The art world can be a wasteful and excessive place, contributing to the ever-growing climate change crisis. Artists travel constantly to artist residencies, gallerists and collectors jet-set to art fairs multiple times a month, and creative productions generate a lot of excess material and waste that becomes a part of the already overwhelmed waste stream.

Many artists have been responding to the climate crisis through their work lately, either documenting the changing landscapes or using recycled materials. Climate change is a hot topic in the art world these days, and last year’s Golden Lion winner proved that. The Pavilion of Lithuania presented an opera and installation entitled Sun and Sea (Marina), where a room full of beach-goers, relaxing on sand, covered in heavy synthetic sunlight, sang an opera of apathy and acceptance for a world that had succumbed to the effects of climate change and abundant waste. Many visitors left the pavilion crying. Another notable artist, Olafur Eliasson, made a recent piece that stirred new conversation. For “Ice Watch,” he shipped 24 pieces of a Greenland iceberg to the front of the Tate museum so that visitors could watch, feel, and hear the ice melting before their eyes.  However, awareness doesn’t necessarily translate to real tangible change and the art world continues to repeat its wasteful practices. Eliasson’s piece used cranes, a cargo ship and fridge containers for transportation, emitting carbon into the air and oil into the sea. His climate change installation contributed to the problem. Many artists have taken to critiquing that kind of irony rampant throughout climate activism pieces.

Ice Watch by Olafur Eliasson

Producing major artwork takes a major toll on the environment. Materials can be toxic, and carbon is released as they’re manipulated. Art productions can be extremely wasteful, and as artists and assistants often fly from one country to another to complete work, and add more carbon into the atmosphere. Artist Michael Wang decided to look at the carbon footprint of twenty famous art pieces with an installation to reveal their impact. In his series, “Carbon Copies” Wang created a collection of small cubes, each representing an artwork made by heavy hitters like Damien Hirst, Marina Abromoviç, Takashi Murukami, and Richard Serra.

Carbon Copies by Michael Wang

Wang presented stylized cubes along with a pamphlet that showed the exact amount of carbon that each artwork had released into the atmosphere during production. The exhibit was equally scientific and artistic, critiquing the art world and its contributions to climate change with his handmade cubes adorned with unique textures and designs. The entire installation sold as one piece for a “carbon offset” price that would then erase the artwork’s carbon footprint. The funds were ultimately donated to the project Carbon Capture. As such, Wang’s installation confronted his fellow artists and art world professionals, asking them to consider art’s impact on the environment. The installation sparks conversation within the art historical framework and critiques from the inside out.

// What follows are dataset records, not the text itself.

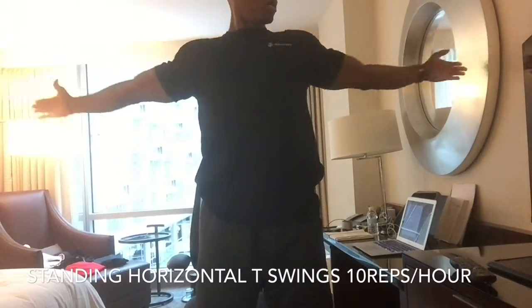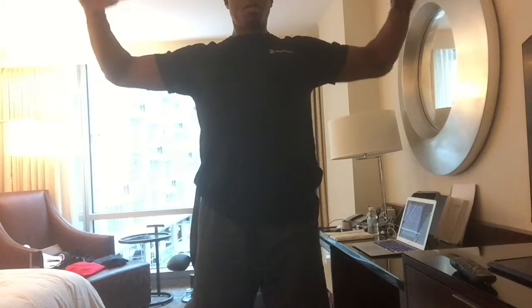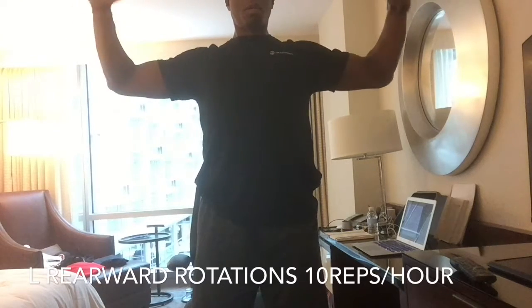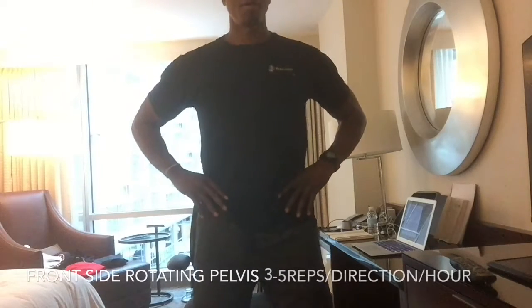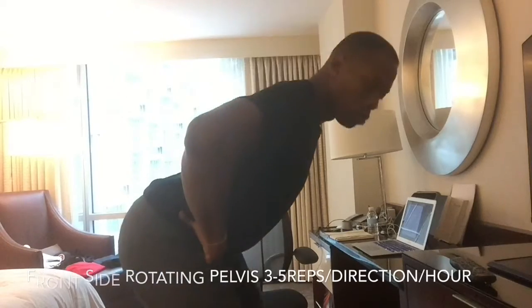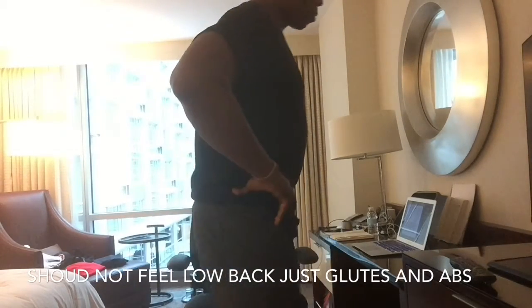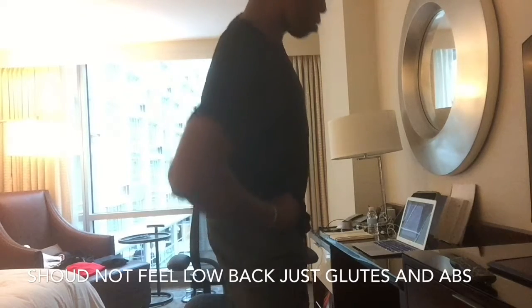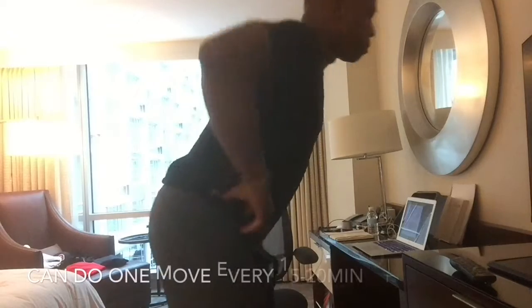Here are movements to do at your desk while standing, to counter sitting for long periods of time doing work at a computer. The first one opens up the chest and stimulates the rear muscles. When I was moving, I was rotating at the shoulder, working on the external rotators or lateral rotators — the opposite of what happens when you sit a lot.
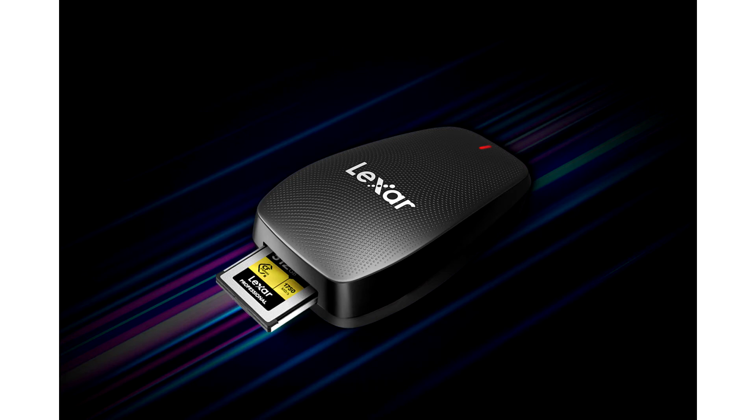The CFexpress Type-B USB 3.2 Gen 2x2 Reader is for creatives who demand blazing fast transfer speeds even when on the go. Designed for use with CFexpress Type-B cards, the Lexer Professional CFexpress Type-B USB 3.2 Gen 2x2 Reader offloads a tremendous number of high-quality images and raw 8K video.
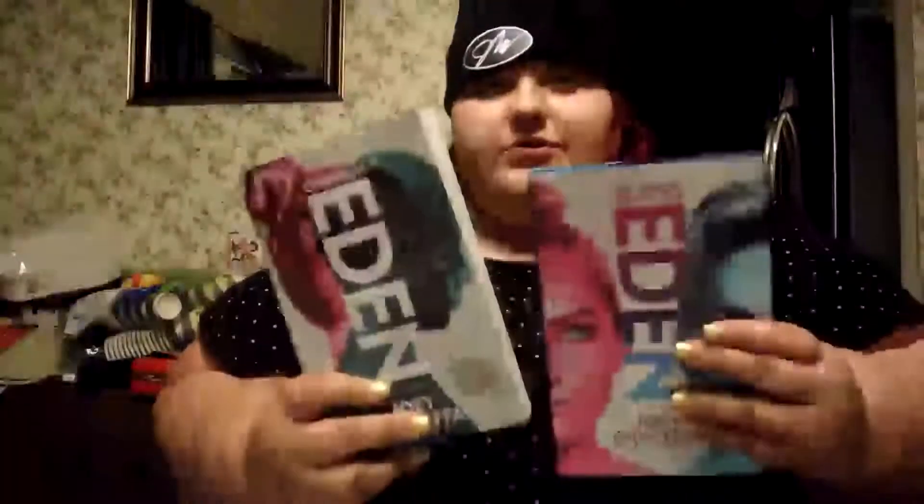And this Captain America fidget spinner. The next two things are both YouTuber stuff — Joey's two books, Children of Eden and Elites of Eden. Then I got Ricky Dillon's Twisted Truth and Dare, and I'm very excited to play that game.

One of the largest generators of waste in the art world is art fairs. Artists and art installers, Lauren Was and Adam Eckstrom spent three years collecting scraps of wood and carpet from art fair dumpsters. Then they built a cottage and “paintings” with the detritus, and lawn furniture using art crates for a project called “When the Smoke Clears: The Fair Housing Project.” The work questions the long-term sustainability of the art market and points to how wasteful the capitalist nature of art fairs is The work asks its audience to ponder how the art world can help these two issues, rather than perpetuate them.

Art has always been questioning the status quo and offering new ideas for how society can live more harmoniously. A pandemic and the climate crisis pushed society to change its way of functioning. The artworld is responding by taking art fairs online, so for now carbon emissions have been reduced.  Perhaps these uncertain times will finally push the art world into solving climate change issues and changing its practices to the forefront in the fight for sustainable creation.